Oui, Nice c’est notre paradis pasteurisé et tranquille. À partir de là un art pouvait s’édifier qui adhéra à cette réalité fabriquée

Jean-Jacques Lévêque, « École de Nice » in Opus International, avril 1967, n° 1

1947-1977

« À propos de Nice : 1947-1977 » est le titre donné à la grande exposition du MAMAC en 2017. Elle révélait que, malgré la grande hétérogénéité des pratiques artistiques, certaines caractéristiques propres aux artistes de cette école peuvent être esquissées : leur insolence face à la tradition artistique qui se traduit par une véritable révolution des formes (mettant à bas la palette et le classique cadre de bois doré), une volonté d’irrévérence dans les sujets, qui s’ancrent dans le quotidien et une fascination pour les textes écrits que l’on retrouve notamment dans les œuvres de Ben, pour qui l’Art est la pensée. Il faut aussi souligner le rôle important du territoire dans la création artistique des membres de l’école : Arman accumule les jetons de casino, Claude Gilli veut calquer sur la toile les paysages colorés de la Côte d’Azur.

tableau Martial RAYSSE
Martial RAYSSE « Soudain l’été dernier, 1963 » (Achat de l’État 1968, attribution 1976 Centre Pompidou, Paris Musée national d’art moderne/centre de création industrielle) © Centre Pompidou, MNAMCCI/Philippe Migeat/Dist. RMN-GP/© ADAGP, Paris, 2017

On considère que la fin de cette expérience collective à laquelle on donne le nom d’école prend place en 1977 lorsque le Centre Pompidou, qui avait laissé carte blanche à Ben, célèbre l’effervescence méridionale avec l’exposition « À propos de Nice ».

L’art dans la ville

Pour ces artistes, les rues de Nice sont un terrain de jeu et leur permettent de dénoncer tout ce qui fait les aspirations dérisoires du monde moderne, qui se transcrit à Nice particulièrement par un monde aseptisé, où le goût artistique et décoratif est excessif. Ils se positionnent également contre l’abstraction lyrique, encore dominante, en mettant la société et ses attributs au cœur de leurs compositions et en plaçant l’art au cœur de la vie, du quotidien. Ainsi, en 1963, Ben, Annie Baricalla, Robert Bozzi et d’autres fondent le Théâtre Total. Ils font jouer des pièces de George Brecht (qui s’installe d’ailleurs quelques années plus tard à Villefranche -sur-mer), ou Robert Watts au cœur de la ville, dans la rue et les cafés.

affiche Pierre Pinoncelli
Pierre Pinoncelli, Attentat contre Malraux, vers 1969-1994, affiche. Crédits photos : Artnet.

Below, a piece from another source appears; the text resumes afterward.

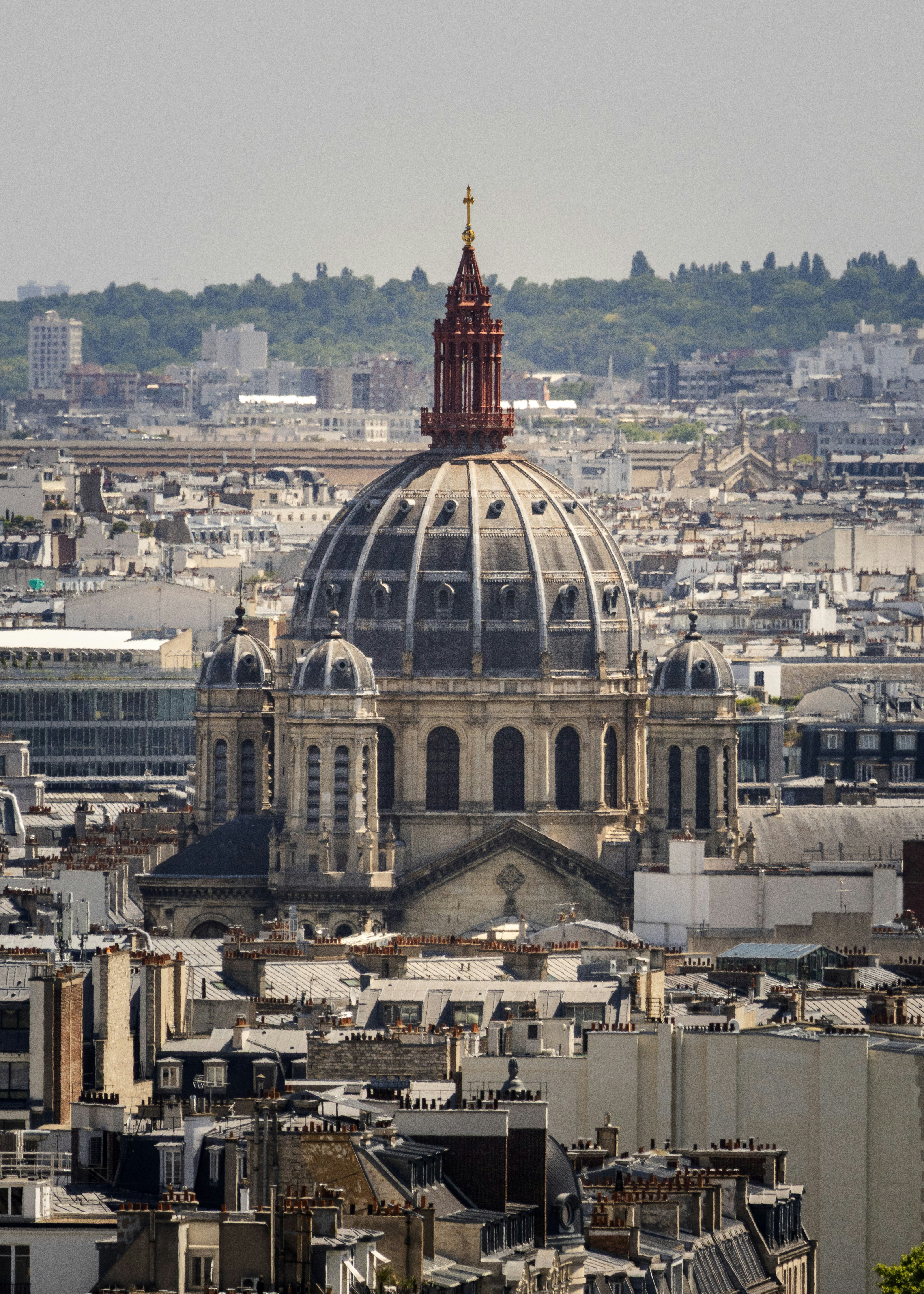 Cúpula de un gran edificio con vistas a una ciudad.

Dans d’autres cas, les passants sont pris à parti, interrompus dans leur quotidien, par diverses performances : absurdes comme celles de Serge III qui fait de l’auto-stop avec un piano ou plus engagé, Bernard Vernet qui décharge une camionnette de charbon aux abords de la promenade des Anglais ou comme Pierre Pinoncelli qui expose Attentat contre Malraux, une affiche où le visage d’André Malraux est recouvert d’une peinture rouge sang. Les acteurs de l’école de Nice souhaitent réellement des infractions dans le réel.

Supports/Surfaces

Supports/Surfaces, un mouvement à l’existence fulgurante (1969-1972) est l’un des derniers feux de l’avant-garde niçoise, qui peut être rattaché à l’école de Nice. Les artistes du mouvement (principalement Claude Viallat, Daniel Dezeuze et Patrick Saytour) prônent l’acte de peindre comme la volonté d’un retour à un geste primitif, mais remplacent les outils traditionnels par des matériaux bruts, les châssis laissent place aux toiles libres, aux draps ou aux cordes.

Jean-Pierre Pincemin
Jean-Pierre Pincemin, « Sans titre », 1973, Technique mixte, 250 x 206 cm. Crédits photos : galerie Eva Vautier.

Au contraire des premières expérimentations de l’école de Nice, le sujet n’importe que peu et l’ancrage territorial est moins fort. Depuis 2001, le Centre Pompidou consacre un espace entier à Supports/Surfaces.